Back up over 1,000 screens again for the second time (though a bit shy of its top count), this still competitive Best Picture entry remains ahead of the pace of last year’s winner “Birdman.” That film had grossed $31 million through the same weekend on its way to its win. It could be tough to maintain this number for long (the PTA lags behind rivals “The Big Short,” “Brooklyn” and “Room” this weekend), but Open Road’s distribution team (no doubt helped by their co-owners Regal and AMC, the two largest exhibitors) has nurtured its chances by keeping it front and center for months now.

“Carol” (Weinstein) – Week 10
$639,0000 in 692 theaters (-98); Cumulative: $10,574,000

Down to under $1,000/per screen and off its widest theater total, Todd Haynes’ exquisite period romance has topped $10 million. But despite a similar release pattern and awards trajectory, it will only get to about half of his 2002 “Far from Heaven,” which adjusted grossed $23 million.

“The Danish Girl” (Focus) – Week 9
$531,000 in 794 theaters (+315); Cumulative: $9,724,000

With a PTA below “Carol” even though it played many fresh theaters, it appears Tom Hooper’s transgender drama has reached its widest playoff. The awards interest should keep it in some play over upcoming weeks, but this looks to top out under $15 million, less than half of lead actor Eddie Redmayne’s success with “The Theory of Everything” last year.

“Anomalisa” (Paramount) – Week 4
$375,000 in 143 theaters (+106); Cumulative: $1,411,000

Paramount’s other high-end release is playing far more niche-like than their breakout hit “The Big Short.” This older audience animated film is playing nationally with decent sampling continuing. But it looks unlikely to cross over much wider despite its Animated Feature Oscar nomination.

“45 Years” (IFC) – Week 5
$220,000 in 40 theaters (+26); Cumulative: $740,203

IFC is having a slow rollout for their acclaimed English couple drama with Charlotte Rampling getting awards attention. It is doing about 40% better than their Belgian (and subtitled) Best Actress nominated “Two Days, One Night” in the same release pattern last year. That film got to a bit over $1.4 million. This expands to the rest of the Top 25 markets next week.

“Son of Saul” (Sony Pictures Classics) – Week 6
$98,637 in 34 theaters (+13); Cumulative: $504,891

Outpacing rival Oscar Foreign Language contender “Mustang” now, but lagging behind by some distance other recent winners in the category, either in early release during this period or shown earlier (such as “Ida” last year). For example, SPC’s Iranian “A Separation” on the same weekend, expanded to 31 theaters, grossed $266,000 in 2012.

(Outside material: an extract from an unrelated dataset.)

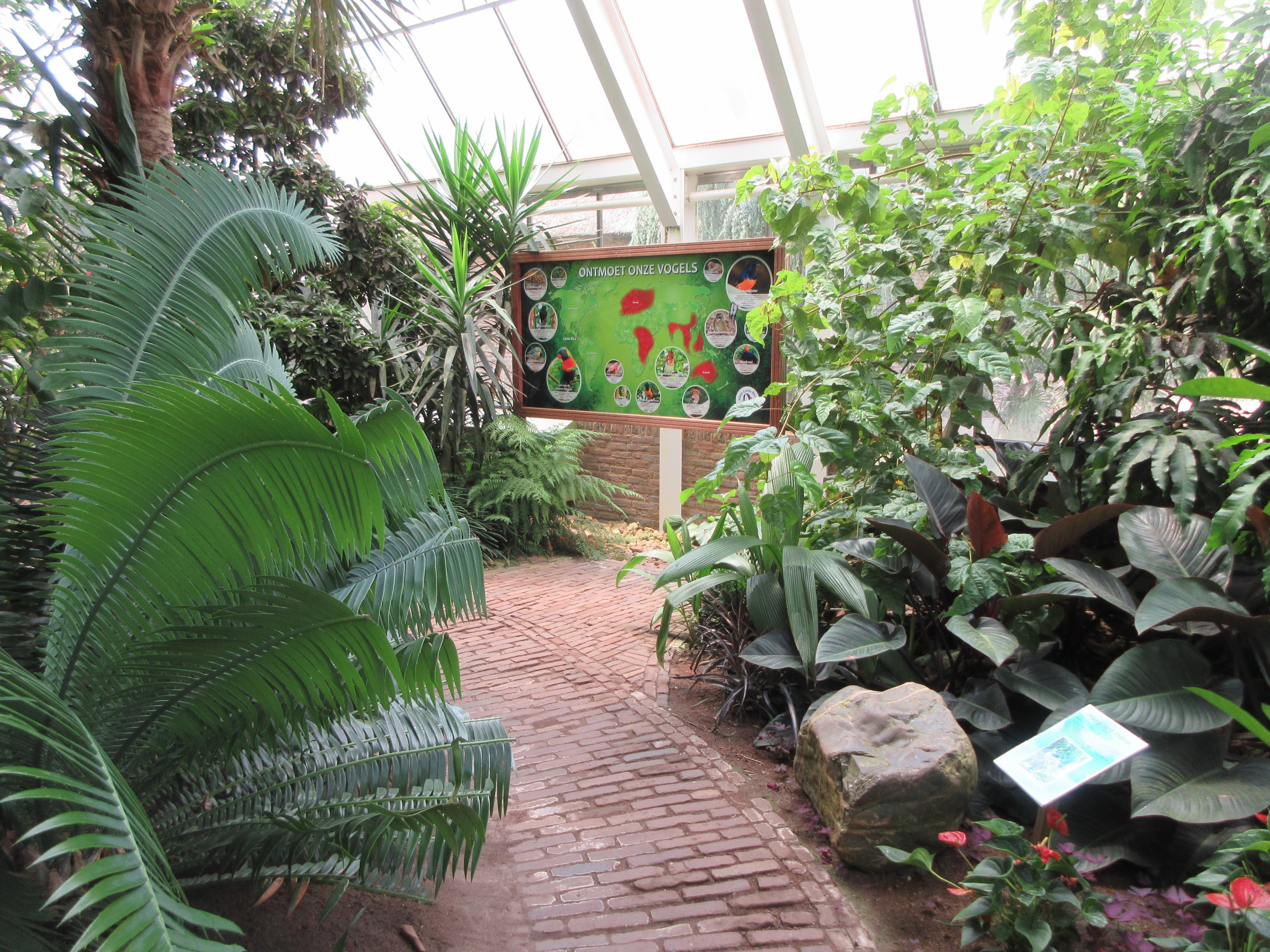 Walk-through Jungle (very small)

“Trumbo” (Bleecker Street) – Week 12
$88,091 in 136 theaters (+70); Cumulative: $7,493,000

Bryan Cranston’s awards attention has boosted this long-running biopic into first year distributor Bleecker Street’s biggest grosser so far.

“Youth” (Fox Searchlight) – Week 8
$75,000 in 76 theaters (-18); Cumulative: $2,397,000

Searchlight has maxed out response to Paolo Sorrentino’s English language follow up to his Oscar winning “The Great Beauty.” At least its much better than his earlier “This Must Be the Place” with Sean Penn, which Weinstein only managed to get to $144,000.

“Mustang” (Cohen( – Week 10   
$56,009 in 54 theaters (-3); Cumulative: $443,165

Modestly (at best) riding its Foreign Language nomination, this Turkish/French coproduction is still ahead of most subtitled releases.